Okay, once all the parts of the keyboard arrived, it was time to build it together. Which requires at least a soldering iron, flux, solder. It also recommended having a multimeter (resistance measurements to check connection quality, diode tester to validate that polarity was fine). Since I ordered SMD diodes, I also need a magnifying glass. “3rd arm” is usually quite useful too and extra light.

So I’ve bought:

  • FixPoint 51226: Third hand soldering aid with magnifying glass and holder. While the base is quite heavy, it was a bit suboptimal for keyboard building: plates are too big to be kept steady, so I also used some small glasses to keep the plate on. Also the clips are not covered by rubber, so they scratch the PCB they hold onto. Given the size of plates I also haven’t tried its soldering iron holder, I used a separate one to keep the distance.
  • JCD 908U Kit: all-in-one kit for DIY soldering: acceptable soldering iron (100W, really fast warm up, set of various heads — but yeah, not the best ones probably, but for lying in the basement for years they are good enough), a multimeter, a base, a hard flux and a flux paste, a solder, tweezers, a desoldering tool and everything in a foldable box for easy storing. While I found the soldering iron quite good for occasional use — the set indeed had problems: the desoldering tool was missing (instead there was a desoldering wick), flux paste was spilled all over the contents (trivially removed with some rug and 70% alcohol). I’ve got quite a mixed impression — but for the price of the cheapest weird soldering iron I could buy locally I’ve got an usable and more powerful one with some addons — it’s a fine deal.

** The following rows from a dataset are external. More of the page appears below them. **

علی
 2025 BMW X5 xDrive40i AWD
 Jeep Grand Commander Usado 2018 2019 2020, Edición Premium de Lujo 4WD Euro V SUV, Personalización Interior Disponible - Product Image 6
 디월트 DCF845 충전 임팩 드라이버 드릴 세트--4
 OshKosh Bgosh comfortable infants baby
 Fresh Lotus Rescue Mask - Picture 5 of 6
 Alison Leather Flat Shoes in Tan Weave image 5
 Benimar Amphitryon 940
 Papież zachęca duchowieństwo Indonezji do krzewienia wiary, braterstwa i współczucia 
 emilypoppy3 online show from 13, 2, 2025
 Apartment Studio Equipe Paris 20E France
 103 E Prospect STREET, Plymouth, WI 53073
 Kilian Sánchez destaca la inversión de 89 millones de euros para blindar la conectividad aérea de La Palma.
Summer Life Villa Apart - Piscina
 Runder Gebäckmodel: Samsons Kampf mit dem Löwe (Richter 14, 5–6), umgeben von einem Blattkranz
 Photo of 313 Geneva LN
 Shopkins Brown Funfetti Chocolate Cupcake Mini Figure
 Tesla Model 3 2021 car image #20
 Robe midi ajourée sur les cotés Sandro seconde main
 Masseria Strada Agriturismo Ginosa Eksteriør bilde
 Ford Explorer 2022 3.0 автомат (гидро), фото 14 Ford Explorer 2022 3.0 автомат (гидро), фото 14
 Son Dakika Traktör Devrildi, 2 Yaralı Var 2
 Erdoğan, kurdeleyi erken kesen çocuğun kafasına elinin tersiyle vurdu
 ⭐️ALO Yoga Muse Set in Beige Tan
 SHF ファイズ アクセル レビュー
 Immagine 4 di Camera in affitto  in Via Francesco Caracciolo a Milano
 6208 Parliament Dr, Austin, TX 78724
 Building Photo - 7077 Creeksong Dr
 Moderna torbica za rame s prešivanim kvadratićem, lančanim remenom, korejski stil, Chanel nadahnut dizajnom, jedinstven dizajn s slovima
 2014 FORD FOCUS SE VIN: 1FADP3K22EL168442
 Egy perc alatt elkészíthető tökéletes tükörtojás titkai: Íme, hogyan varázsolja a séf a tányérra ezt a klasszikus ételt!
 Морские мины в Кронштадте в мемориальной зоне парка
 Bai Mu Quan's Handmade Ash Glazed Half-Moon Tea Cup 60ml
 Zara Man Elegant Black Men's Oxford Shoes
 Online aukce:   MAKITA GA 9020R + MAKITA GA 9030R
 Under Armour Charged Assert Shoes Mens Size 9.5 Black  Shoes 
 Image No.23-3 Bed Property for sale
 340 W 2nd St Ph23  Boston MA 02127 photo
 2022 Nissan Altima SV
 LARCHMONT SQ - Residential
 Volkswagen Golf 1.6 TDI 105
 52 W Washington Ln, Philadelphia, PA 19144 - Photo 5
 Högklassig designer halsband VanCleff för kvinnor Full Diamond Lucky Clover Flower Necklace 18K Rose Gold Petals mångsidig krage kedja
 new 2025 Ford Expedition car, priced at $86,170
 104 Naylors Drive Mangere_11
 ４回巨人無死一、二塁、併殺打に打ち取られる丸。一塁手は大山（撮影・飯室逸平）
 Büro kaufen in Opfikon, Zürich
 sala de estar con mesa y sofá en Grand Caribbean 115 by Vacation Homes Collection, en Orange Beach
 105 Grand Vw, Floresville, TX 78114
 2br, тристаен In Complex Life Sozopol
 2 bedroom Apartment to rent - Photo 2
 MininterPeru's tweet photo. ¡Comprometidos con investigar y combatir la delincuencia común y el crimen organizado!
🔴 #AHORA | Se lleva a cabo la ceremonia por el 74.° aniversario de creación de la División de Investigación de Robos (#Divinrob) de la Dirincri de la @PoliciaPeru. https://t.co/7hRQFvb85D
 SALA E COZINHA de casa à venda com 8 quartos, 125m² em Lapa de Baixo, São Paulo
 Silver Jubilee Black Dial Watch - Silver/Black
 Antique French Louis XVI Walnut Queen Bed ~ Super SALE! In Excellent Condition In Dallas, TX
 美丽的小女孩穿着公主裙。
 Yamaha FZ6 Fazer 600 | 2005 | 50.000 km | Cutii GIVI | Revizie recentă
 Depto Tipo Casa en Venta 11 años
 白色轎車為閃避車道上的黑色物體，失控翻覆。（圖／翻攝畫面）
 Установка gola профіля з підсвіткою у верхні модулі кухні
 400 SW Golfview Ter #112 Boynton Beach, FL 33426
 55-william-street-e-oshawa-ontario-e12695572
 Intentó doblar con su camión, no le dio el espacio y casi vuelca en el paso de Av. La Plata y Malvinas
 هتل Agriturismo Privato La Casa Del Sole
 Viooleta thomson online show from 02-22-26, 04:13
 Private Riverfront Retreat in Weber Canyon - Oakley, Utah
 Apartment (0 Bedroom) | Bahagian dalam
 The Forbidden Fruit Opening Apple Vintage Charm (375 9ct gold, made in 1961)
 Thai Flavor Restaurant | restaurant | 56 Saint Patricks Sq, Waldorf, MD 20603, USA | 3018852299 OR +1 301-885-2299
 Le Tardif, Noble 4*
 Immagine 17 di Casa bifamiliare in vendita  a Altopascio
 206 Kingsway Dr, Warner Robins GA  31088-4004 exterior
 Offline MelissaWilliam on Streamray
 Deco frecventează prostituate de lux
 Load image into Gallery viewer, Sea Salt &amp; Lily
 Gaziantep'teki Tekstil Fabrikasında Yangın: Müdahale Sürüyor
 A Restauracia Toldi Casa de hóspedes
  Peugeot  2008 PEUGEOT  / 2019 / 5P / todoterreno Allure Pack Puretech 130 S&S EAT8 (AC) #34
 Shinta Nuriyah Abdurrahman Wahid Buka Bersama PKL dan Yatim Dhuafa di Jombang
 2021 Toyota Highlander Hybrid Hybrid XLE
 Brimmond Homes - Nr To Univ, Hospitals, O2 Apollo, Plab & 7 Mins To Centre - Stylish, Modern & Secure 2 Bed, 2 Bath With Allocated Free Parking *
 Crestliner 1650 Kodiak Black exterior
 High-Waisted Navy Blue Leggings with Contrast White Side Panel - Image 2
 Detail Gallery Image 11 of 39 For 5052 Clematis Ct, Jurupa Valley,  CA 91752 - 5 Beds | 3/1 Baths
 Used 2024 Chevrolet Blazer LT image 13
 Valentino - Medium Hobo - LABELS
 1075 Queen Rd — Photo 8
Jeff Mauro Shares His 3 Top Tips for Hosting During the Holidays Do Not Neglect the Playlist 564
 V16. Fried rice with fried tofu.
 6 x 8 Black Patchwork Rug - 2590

Unfortunately, the ordered soldering iron was still in flight, but it was a weekend, so I borrowed the soldering iron + multimeter from a colleague who lives nearby — so I could work over the weekend.

So ordered also a solder/flux:

  • CFH Electronic solder EL 324: quite convenient and easy to use. A bit thick (1mm) but has embedded flux which makes it trivial to solder. I also bought Goobay Professional lead-free solder for its 0.35mm thickness, but haven’t really tried to use it — my fear that 1mm solder will be too thick was moot. Real problem was my lack of soldering skills :)
  • CFH Flux FM 342: just normal flux paste, the only one found in the supermarket nearby.

The working mat I already had at home, so time to build them! Prepare your working place: place the protection mat, prepare the stand, get all the elements on one side and solder on another and so on. Ready:

Prepare your working place

Oh yeah! I really lost all my little soldering skills :( The quality of result is suboptimal, I’ve got one diode not connected on the first try (despite testing all the traces with a multimeter). I still can’t say what’s better: solder quick swap sockets first or diodes…

One by one solder an every socket, every diode

Be careful — the hotswap sockets are a bit asymmetric, they have one side as square and another side as octahedron which gives more space to solder diodes in — but it doesn’t really matter, in the end, diodes fit anyway. Obviously it is important to get the multimeter and trace all the lines back to the future place of the MCU module, so any diode placed wrong or not soldered in properly caught early and fixed.

Inspect and trace every line from the connector to the MCU with multimeter

Then solder on the connector and the MCU module itself. Hardware part is done — insert the switches:

almost done!

Once the base was done I went to attach the caps and install stabilizers…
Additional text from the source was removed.